Dual-BEV Nav: Dual-layer BEV-based Heuristic Path Planning for Robotic Navigation in Unstructured Outdoor Environments

TL;DR

This paper introduces Dual-BEV Nav, a dual-layer BEV-based heuristic path planning method that enhances robotic navigation in unstructured outdoor environments by integrating local and global traversability maps for improved accuracy and robustness.

Contribution

The paper presents a novel dual-layer BEV planning paradigm that combines local and global traversability for better long-distance outdoor navigation.

Findings

Improved temporal distance prediction accuracy by up to 18.7%.

Successfully navigated 65 meters in real-world outdoor tests.
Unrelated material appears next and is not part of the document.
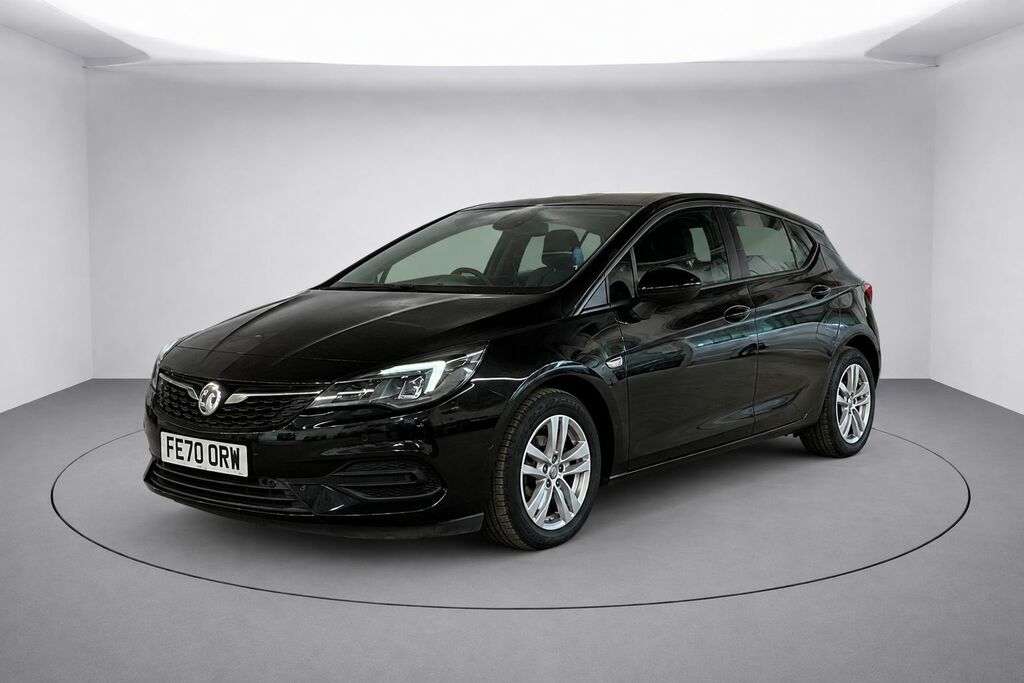 Vauxhall Astra Turbo Business Edition Nav Black #4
Local BEV enhances planning rationality, global BEV improves robustness.

Abstract

Path planning with strong environmental adaptability plays a crucial role in robotic navigation in unstructured outdoor environments, especially in the case of low-quality location and map information. The path planning ability of a robot depends on the identification of the traversability of global and local ground areas. In real-world scenarios, the complexity of outdoor open environments makes it difficult for robots to identify the traversability of ground areas that lack a clearly defined structure. Moreover, most existing methods have rarely analyzed the integration of local and global traversability identifications in unstructured outdoor scenarios. To address this problem, we propose a novel method, Dual-BEV Nav, first introducing Bird's Eye View (BEV) representations into local planning to generate high-quality traversable paths. Then, these paths are projected onto the global traversability map generated by the global BEV planning model to obtain the optimal waypoints. By integrating the traversability from both local and global BEV, we establish a dual-layer BEV heuristic planning paradigm, enabling long-distance navigation in unstructured outdoor environments. We test our approach through both public dataset evaluations and real-world robot deployments, yielding promising results. Compared to baselines, the Dual-BEV Nav improved temporal distance prediction accuracy by up to $18.7\%$. In the real-world deployment, under conditions significantly different from the training set and with notable occlusions in the global BEV, the Dual-BEV Nav successfully achieved a 65-meter-long outdoor navigation. Further analysis demonstrates that the local BEV representation significantly enhances the rationality of the planning, while the global BEV probability map ensures the robustness of the overall planning.